I am new to the parallelizing paradigm. I already have the algorithm working in its serial form but I can't parallelize it.
I have asked around and some have told me that the way my program is written can't be parallelized.
Here is my serial code, any help or recommendation will be kindly appreciated.
import numpy as np #Importar la librería de numpy para usar sus funciones
if __name__ == "__main__":
#Numero de elementos debe ser par
N = 1_000_000_000#int(input("Número de iteraciones/intervalos (número par): "))
#Declara la funcion a integrar
f = lambda x : x*0.5
#Limites
a = 3#int(input("Dame el limite inferior: "))
b = 10#int(input("Dame el limite superior: "))
#delta de x
dx = (b-a)/N
#División de intervalos
x = np.linspace(a,b,N+1)
y = f(x)
#Suma de cada uno de los intervalos
resultado = dx/3 * np.sum(y[0:-1:2] + 4*y[1::2] + y[2::2])
print("N = " + str(N))
print("El valor de la integral es: ")
print(resultado)
Q : "Is it possible to parallelize this program (Simpson's Rule) in Python?"
A more important side of the same coin is not how to parallelise a program ( or its part ), but at what add-on costs' penalties that will actually happen.

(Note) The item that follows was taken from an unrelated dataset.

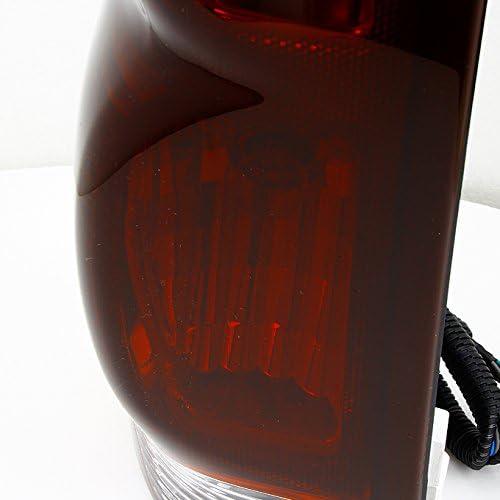 【並行輸入品】AKKON - シボレー アバランチ 1500 2500 ダークレッド テールライト テールランプ ドライバー+助手席側交換用ペア　_4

From several options how to parallelise, the best one should be selected. Here, due to large data/memory-footprints ( an adverse O( n )-scaling in SpaceDOMAIN, due to sizes above V * 8 * 1E9 [B]
(sum of memory-footprints of all objects used, incl. interim storage variables), that next, indirectly, increases the O( n )-scaling in TimeDOMAIN (duration), due to memory-I/O volume & bottle-necking of all RAM-I/O channels available ) a kind of fine-grain parallelism, called vectorisation, seems to fit best, as it adds almost zero add-on costs, yet helping reduce the RAM-I/O costs for an extremely low-complexity f(x)
-lambda, which makes memory pre-fetches of in-contiguous blocks (due to index-hopping) almost impossible to latency-mask.
There are at least two places, where a code-conversion will help, most on CPU micro-architectures, for which their native vector-instructions can get harnessed in most recent versions for indeed an HPC-grade parallel execution of numpy
-vectorised code.
A performance tuning mandatory disclaimer :
Detailed profiling will show you, for each particular target code-execution platform { x86 | ARM | ... } and its actual UMA / NUMA memory-I/O & CPU-core cache-hierarchy, where your code loses most of the time (and how successfully or how poor does the actual processor cache-hierarchy mask the real-costs of accessing vast footprints of RAM with all the adverse effects of the physical RAM memory-I/O costs as these do not, for 1E9-sizes, fit into CPU-core cache/registers ).
a )
we may spend less time in producing/storing interim objects and use the brave numpy
-code smart-vectorised trick:
y = f( np.linspace( a, # lo-bound
b, # hi-bound
N + 1 # steps
) # no storage of a temporary, yet HUGE object x ~ 8[GB] in RAM
) # +ask lambda to in-flight compute & create just y = f( x[:] )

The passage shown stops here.